**What the task asks:**
The expected answer is the full listing, repeated exactly and free of images.

**Data under study:**
Content starts

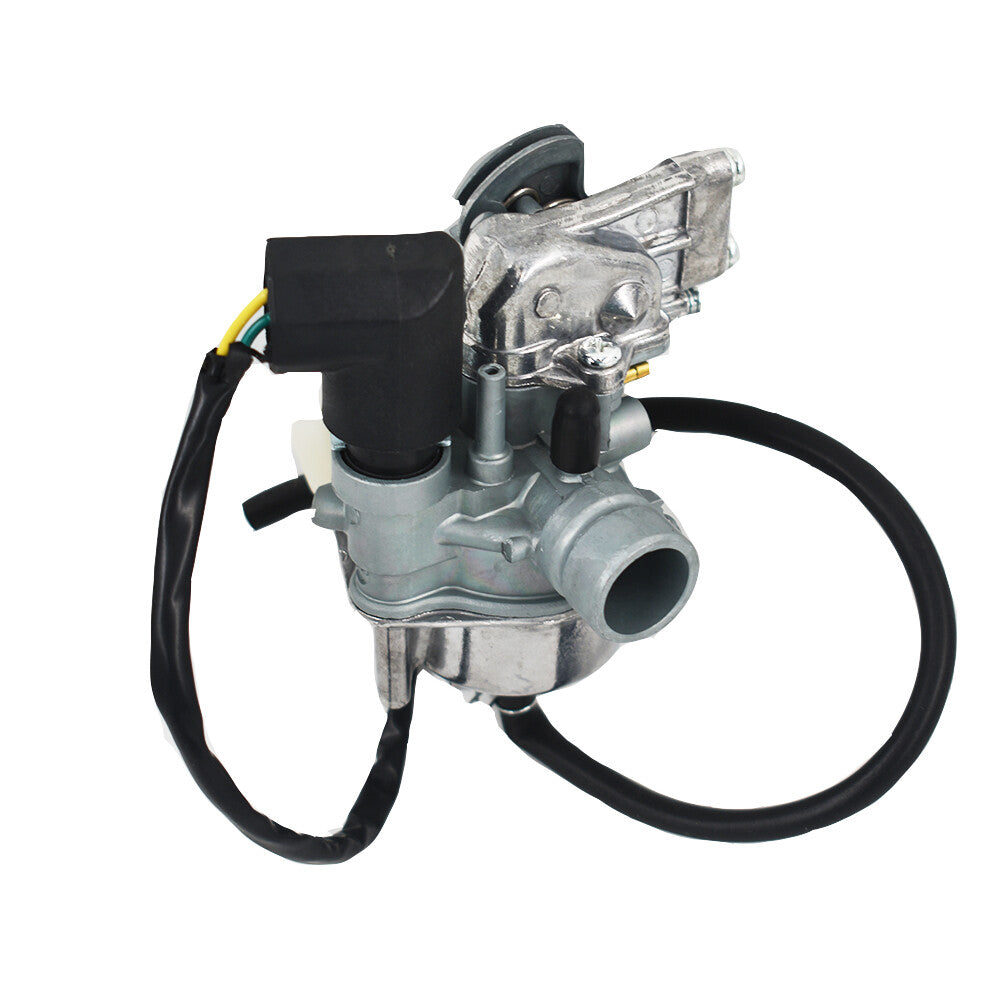 Solid Spare Carburetor For Yamaha Zuma YW50 Scooter Moped 2011-2002 2003 2004 2005 2006 Carb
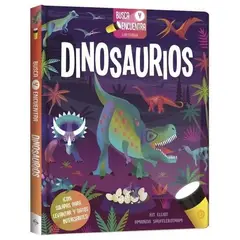 LEXUS - LIBRO LINTERNA DINOSAURIOS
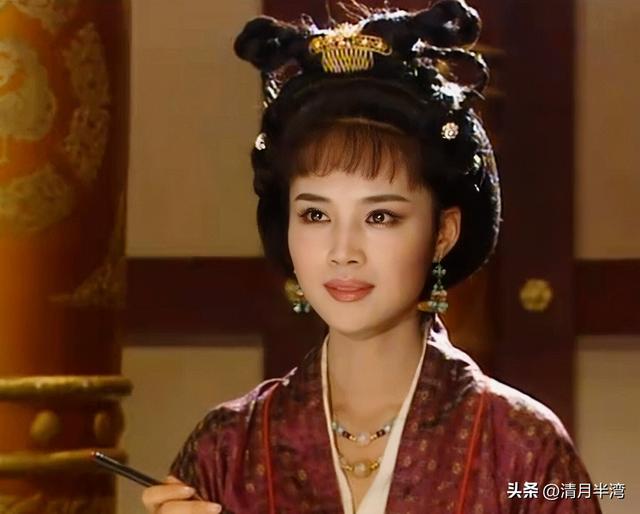 难怪刘涛演李清照被嘲土气,看看这8位女星扮相,那才叫有书卷气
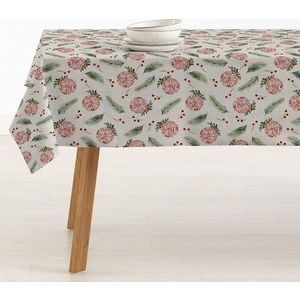 Ubrus s vánočním motivem 135x295 cm Nandina – Casa Selección obraz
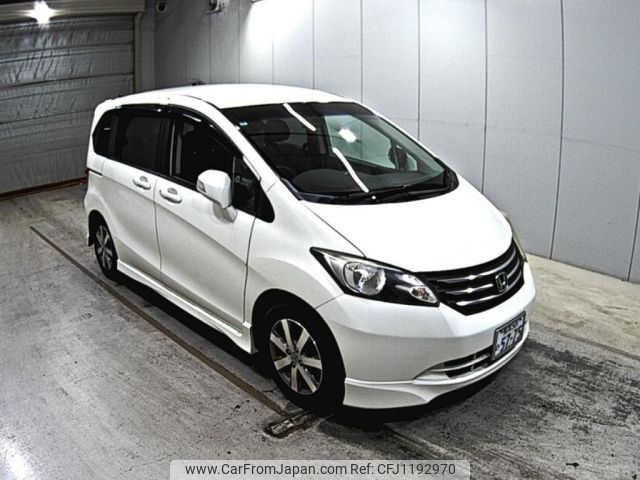honda freed 2009 -HONDA 【熊本 501の5775】--Freed GB3-1127733---HONDA 【熊本 501の5775】--Freed GB3-1127733- image 1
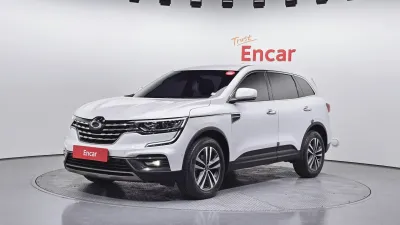 2020 Renault Korea QM6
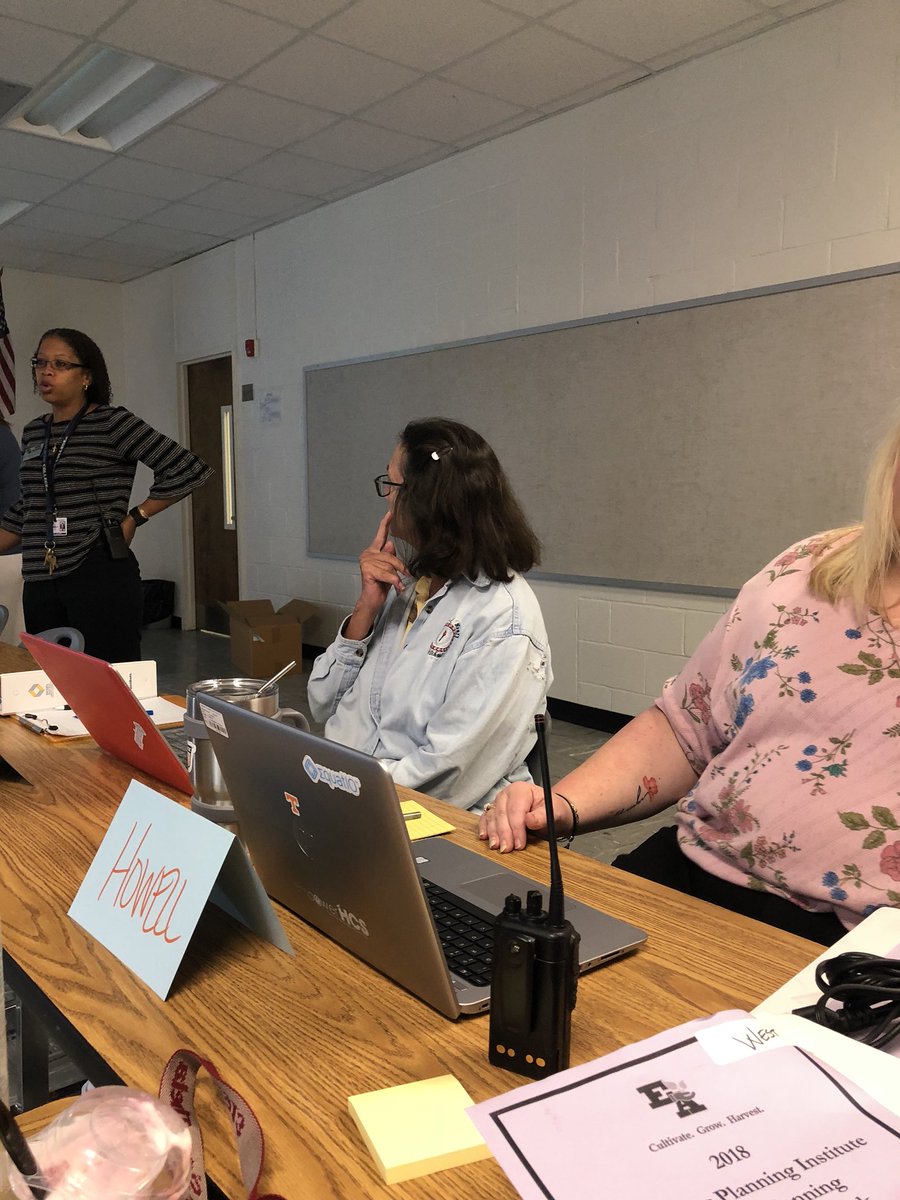Brangela0330's tweet photo. Professional Development- Incorporating rigor in the classroom.  I learned a lot today. #EXCELisALLin #ExcelAcademyHCS #ensuringsuccess https://t.co/H1FaLgBDnN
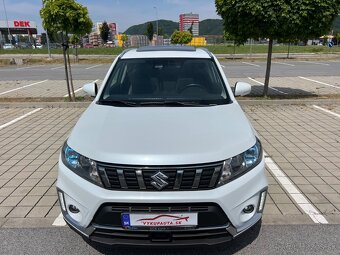 Suzuki Vitara 1.4 BoosterJet Elegance+ A/T 2WD 103kw TAŽNÉ / - 2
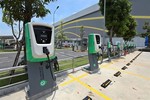 Global EV charging stations company launched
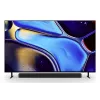 Sony BRAVIA 8 65 colių OLED 4K HDR televizorius su Google TV ir 3 metų PrimeSupport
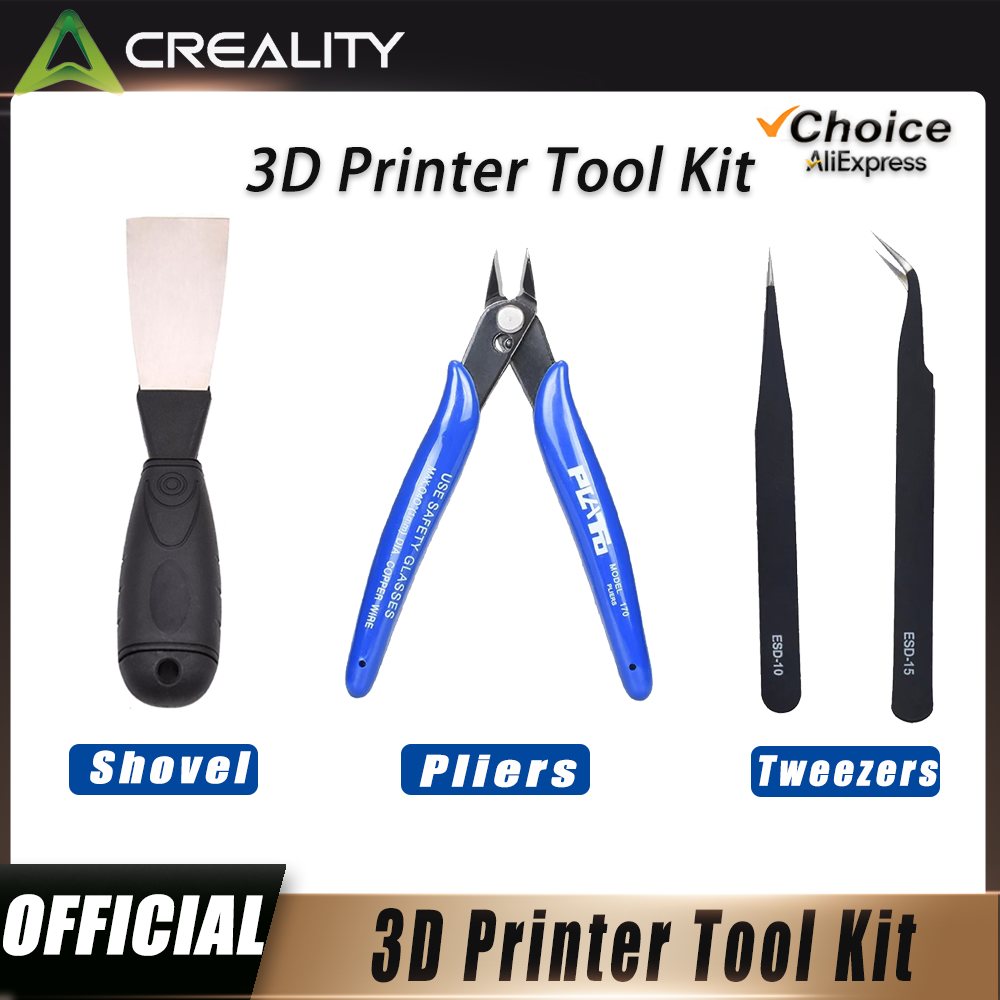 3D Printer Tools Removal Spatu - 3D Printer Cable Chain 评论和价格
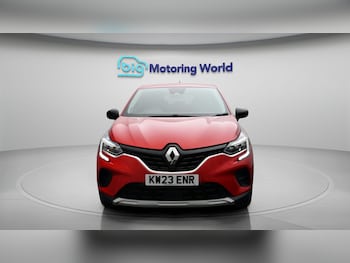 Used Renault Captur 2023 for sale - 79537983: Photo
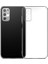 Pocophone M3 2.0 mm Korumalı Şeffaf Silikon Kılıf 1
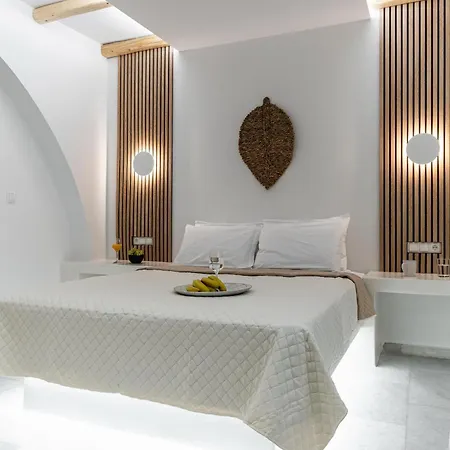 Fanis Hotell Agia Anna (Naxos)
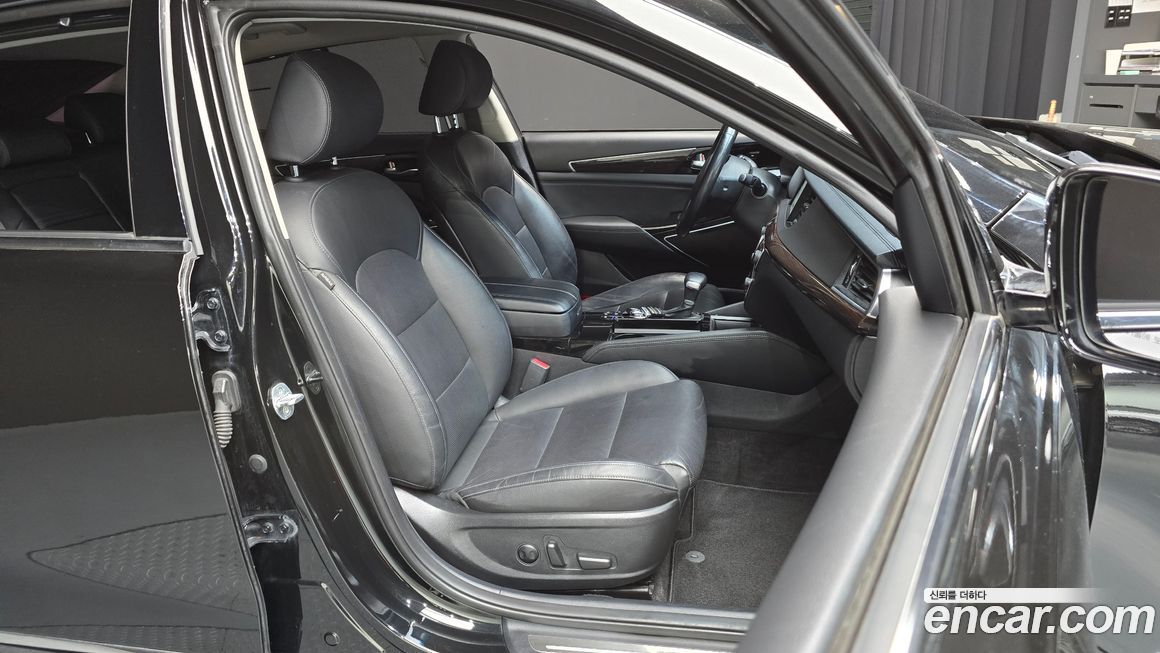 Kia K7 2017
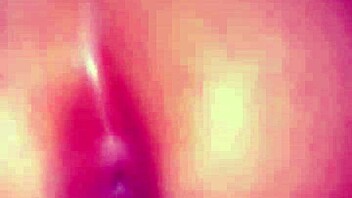 Black beauty gets pounded on a couch in HD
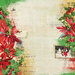 49 and Market - Christmas Spectacular Collection - 12 x 12 Double Sided Paper - Spruce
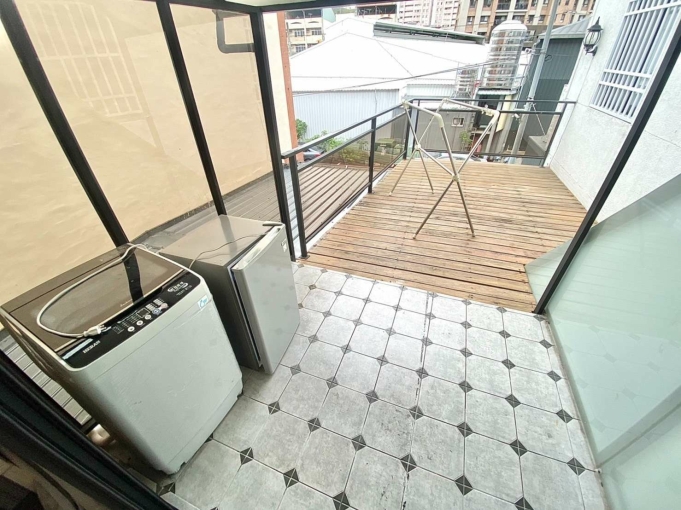 🌳可租補💖超大露台✨獨洗🏠台中高工/僑泰💖（第1張）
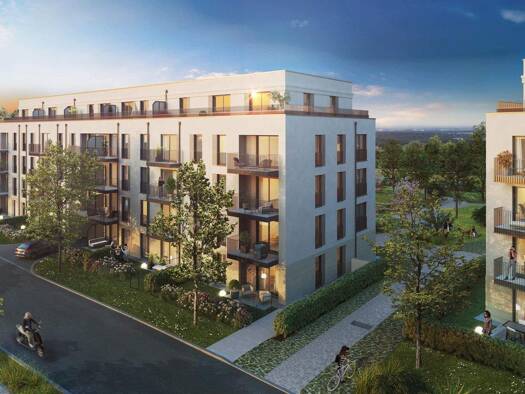 Wohnung zum Kauf provisionsfrei 469.000 € 2 Zimmer 46,7 m² frei ab 31.12.2026 Milbertshofen-Am Hart München 80937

Content ends

**Answer below:**
 Solid Spare Carburetor For Yamaha Zuma YW50 Scooter Moped 2011-2002 2003 2004 2005 2006 Carb
 LEXUS - LIBRO LINTERNA DINOSAURIOS
 难怪刘涛演李清照被嘲土气,看看这8位女星扮相,那才叫有书卷气
 Ubrus s vánočním motivem 135x295 cm Nandina – Casa Selección obraz
honda freed 2009 -HONDA 【熊本 501の5775】--Freed GB3-1127733---HONDA 【熊本 501の5775】--Freed GB3-1127733- image 1
 2020 Renault Korea QM6
Brangela0330's tweet photo. Professional Development- Incorporating rigor in the classroom.  I learned a lot today. #EXCELisALLin #ExcelAcademyHCS #ensuringsuccess https://t.co/H1FaLgBDnN
 Suzuki Vitara 1.4 BoosterJet Elegance+ A/T 2WD 103kw TAŽNÉ / - 2
 Global EV charging stations company launched
 Sony BRAVIA 8 65 colių OLED 4K HDR televizorius su Google TV ir 3 metų PrimeSupport
 3D Printer Tools Removal Spatu - 3D Printer Cable Chain 评论和价格
 Used Renault Captur 2023 for sale - 79537983: Photo
 Pocophone M3 2.0 mm Korumalı Şeffaf Silikon Kılıf 1
 Fanis Hotell Agia Anna (Naxos)
 Kia K7 2017
 Black beauty gets pounded on a couch in HD
 49 and Market - Christmas Spectacular Collection - 12 x 12 Double Sided Paper - Spruce
 🌳可租補💖超大露台✨獨洗🏠台中高工/僑泰💖（第1張）
 Wohnung zum Kauf provisionsfrei 469.000 € 2 Zimmer 46,7 m² frei ab 31.12.2026 Milbertshofen-Am Hart München 80937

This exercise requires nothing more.